Report every line of the records beneath this task that holds the string "with".

=== Begin Enclosure ===

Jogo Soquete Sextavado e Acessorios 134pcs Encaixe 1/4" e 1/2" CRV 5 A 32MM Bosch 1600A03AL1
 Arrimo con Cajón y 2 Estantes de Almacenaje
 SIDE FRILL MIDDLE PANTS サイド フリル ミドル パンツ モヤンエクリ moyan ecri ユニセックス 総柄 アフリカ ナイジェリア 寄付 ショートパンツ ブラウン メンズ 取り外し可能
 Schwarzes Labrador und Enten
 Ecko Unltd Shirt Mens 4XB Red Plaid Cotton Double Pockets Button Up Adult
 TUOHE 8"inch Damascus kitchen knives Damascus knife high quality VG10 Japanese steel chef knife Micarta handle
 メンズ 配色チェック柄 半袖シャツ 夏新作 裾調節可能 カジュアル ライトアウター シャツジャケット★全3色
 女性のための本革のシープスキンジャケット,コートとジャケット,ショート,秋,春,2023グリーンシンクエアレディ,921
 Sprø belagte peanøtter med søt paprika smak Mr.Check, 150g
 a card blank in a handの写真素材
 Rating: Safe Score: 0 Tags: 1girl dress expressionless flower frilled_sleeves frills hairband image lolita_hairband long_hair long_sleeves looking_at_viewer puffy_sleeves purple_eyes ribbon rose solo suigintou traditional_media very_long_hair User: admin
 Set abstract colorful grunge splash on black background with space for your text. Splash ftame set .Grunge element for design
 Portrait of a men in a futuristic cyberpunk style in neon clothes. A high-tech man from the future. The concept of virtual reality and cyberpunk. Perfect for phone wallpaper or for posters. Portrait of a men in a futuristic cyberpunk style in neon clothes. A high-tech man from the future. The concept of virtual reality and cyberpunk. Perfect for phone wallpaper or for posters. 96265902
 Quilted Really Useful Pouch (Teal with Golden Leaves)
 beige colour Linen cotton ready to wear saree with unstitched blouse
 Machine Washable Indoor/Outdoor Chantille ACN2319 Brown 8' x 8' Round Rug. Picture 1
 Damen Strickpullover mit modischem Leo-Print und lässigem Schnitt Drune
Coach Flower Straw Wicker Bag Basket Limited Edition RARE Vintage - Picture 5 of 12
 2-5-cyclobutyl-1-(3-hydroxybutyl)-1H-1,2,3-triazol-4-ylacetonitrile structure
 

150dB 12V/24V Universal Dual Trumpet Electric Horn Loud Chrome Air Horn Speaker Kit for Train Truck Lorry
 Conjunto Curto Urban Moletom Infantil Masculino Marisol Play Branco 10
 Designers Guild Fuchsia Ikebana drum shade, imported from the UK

=== End Enclosure ===

RESPONSE AREA —
 Set abstract colorful grunge splash on black background with space for your text. Splash ftame set .Grunge element for design
 Quilted Really Useful Pouch (Teal with Golden Leaves)
 beige colour Linen cotton ready to wear saree with unstitched blouse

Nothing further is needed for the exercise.